Thanks for many your suggestions!
I made the patch to handle the issues.
> 1) What is the motivation to have both prevWalUsage and pgWalUsage,
> instead of just accumulating the stats since the last submission?
> There doesn't seem to be any comment explaining it? Computing
> differences to previous values, and copying to prev*, isn't free. I
> assume this is out of a fear that the stats could get reset before
> they're used for instrument.c purposes - but who knows?
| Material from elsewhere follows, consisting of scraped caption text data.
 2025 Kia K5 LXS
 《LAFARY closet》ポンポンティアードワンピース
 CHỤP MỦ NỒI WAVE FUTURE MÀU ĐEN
I removed the unnecessary code copying pgWalUsage and just reset the
pgWalUsage after reporting the stats in pgstat_report_wal().
> 2) Why is there both pgstat_send_wal() and pgstat_report_wal()? With the
> former being used by wal writer, the latter by most other processes?
> There again don't seem to be comments explaining this.
I added the comments why two functions are separated.
(But is it better to merge them?)
> 3) Doing if (memcmp(&WalStats, &all_zeroes, sizeof(PgStat_MsgWal)) == 0)
> just to figure out if there's been any changes isn't all that
> cheap. This is regularly exercised in read-only workloads too. Seems
> adding a boolean WalStats.have_pending = true or such would be
> better.
> 4) For plain backends pgstat_report_wal() is called by
> pgstat_report_stat() - but it is not checked as part of the "Don't
> expend a clock check if nothing to do" check at the top. It's
> probably rare to have pending wal stats without also passing one of
> the other conditions, but ...
I added the logic to check if the stats counters are updated or not in
pgstat_report_stat() using not only generated wal record but also write/sync
counters, and it can skip to call reporting function.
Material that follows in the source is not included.